I don't have a profession, I am currently in School learning Financial Planning and I got this view on the EF after arguing your position with my Professor and losing to the logic I am putting forward here. How about yourself?

Where do you plan on getting 4.6% APR?  I guess you're saying that it's more likely that you'll be able to get 2-3% APR, so you're only missing out on the difference?  Where did the $5,678 come from?

I disagree about most people not understanding the risk.  I think people who post on here understand the risk.  I'm tired of the financial industry selling risk.  I.E.  They don't actually sell useful products, they sell fear and make money on that fear.  That's the primary reason why I don't work in a personal finance/financial planning job.  I'm currently working as a financial analyst, but am making a transition to actuarial science.

Saverocity

  • Stubble
  • **
  • Posts: 151
Re: Portion of Emergency Fund in Roth IRA
« Reply #55 on: January 24, 2014, 08:30:49 AM »
It is clear that your position is simply that you care less about the risk than the upside, that is fine.  I think it is unfair to say everyone here knows about the risk though, since there are a lot of people who don't understand risk at all.

Also, you only need to get 4.6% APR to achieve a 10 year gain of $5,678, which is higher than the numbers you cite - which isn't impossible, and even if you can only get 2-3% APR you are only losing the difference between 2-3 and 4.6% not the difference between 'earning nothing' and 'making big money'.

I don't have a profession, I am currently in School learning Financial Planning and I got this view on the EF after arguing your position with my Professor and losing to the logic I am putting forward here.

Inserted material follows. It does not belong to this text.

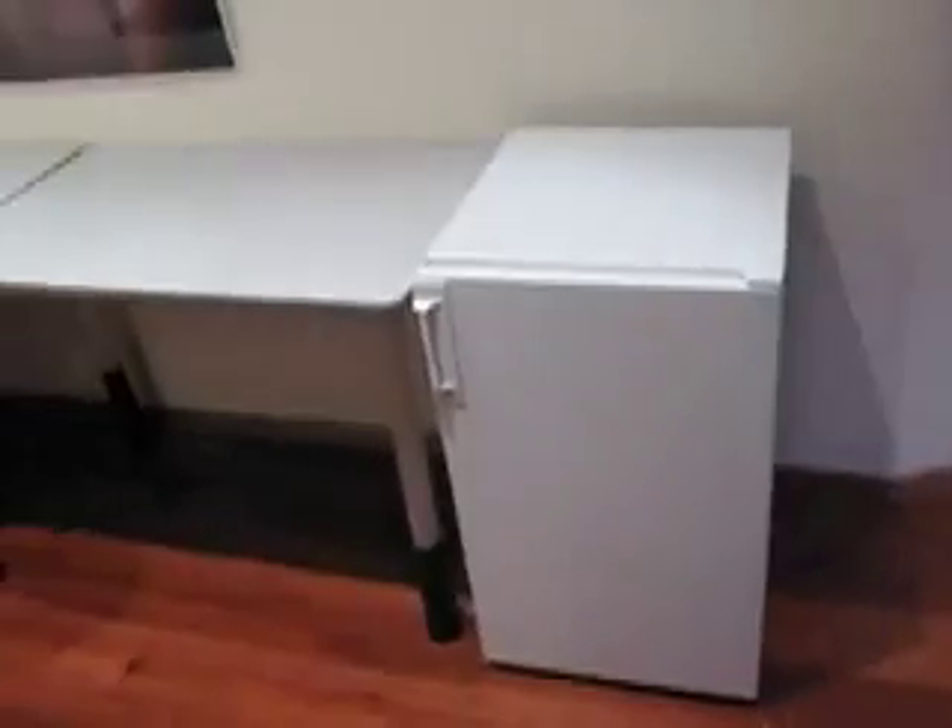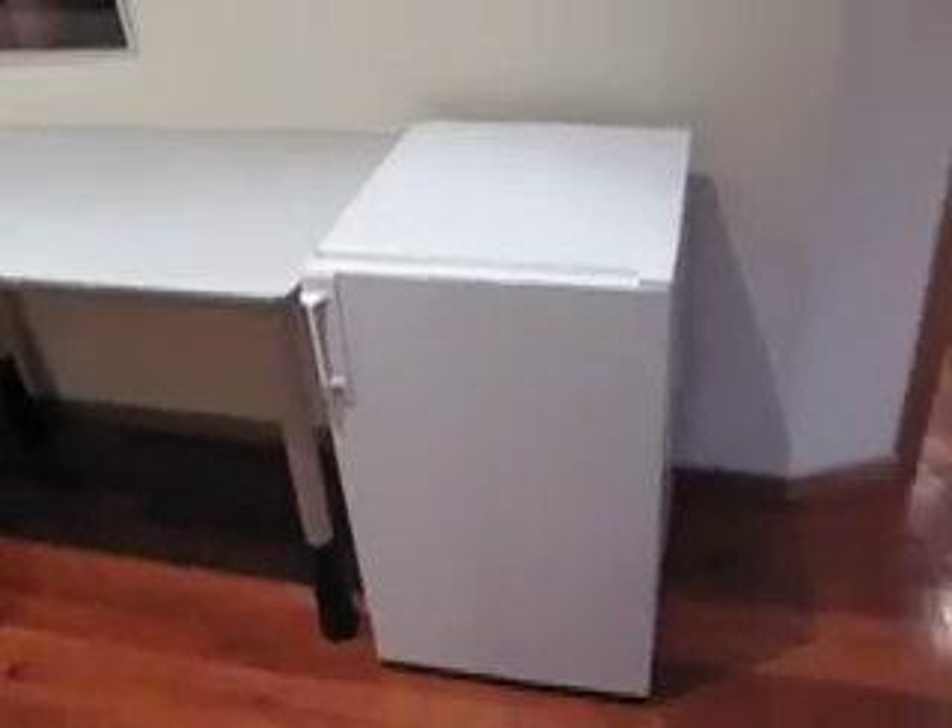There's my desk and a fridge which will be filled with lots of drink and maybe a few snacks. And we have another room.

How about yourself?

Where do you plan on getting 4.6% APR?  I guess you're saying that it's more likely that you'll be able to get 2-3% APR, so you're only missing out on the difference?  Where did the $5,678 come from?

I disagree about most people not understanding the risk.  I think people who post on here understand the risk.  I'm tired of the financial industry selling risk.  I.E.  They don't actually sell useful products, they sell fear and make money on that fear.  That's the primary reason why I don't work in a personal finance/financial planning job.  I'm currently working as a financial analyst, but am making a transition to actuarial science.

I would hunt around for it, there are several solutions that can be found offering 5% (typically capped for $5K and for a year) savings accounts and CDs from smaller Credit Unions, or side offerings for weird things like the Paypal debit card.  I think I could put together close to 5% with a bit of effort, which I am willing to do for my money.  And yes, if that failed due to seasonality of the offerings my certainty of getting 2-3% is very high, so yes, worst case I was looking at the spread between 2-3% and 4.6% being the opportunity cost for not being in the market.

The $5,678 was a number I picked that was close to your ballpark numbers for stock market investing, I was showing how a stable 4.6% compounded over the same 10 year period would provide more income than your example of large gains due to the losses that you factored in.  If you are happy with making $5625 then why not instead seek out a way to earn that without being 'all in' the market, you can get there or very close to it without the risk.

For me that sounds like a win/win?

FastStache

  • Bristles
  • ***
  • Posts: 257
Re: Portion of Emergency Fund in Roth IRA
« Reply #56 on: February 10, 2014, 09:11:27 PM »
Looking for some safe suggestions on where to put my Roth IRA contribution for 2013 since this is still part of my emergency fund. If nothing goes wrong for me this year, my future contributions will certainly be more aggressive. I might even be willing to move my safe contribution of other options in the future.

Bonds or CDs at Vanguard for the time being?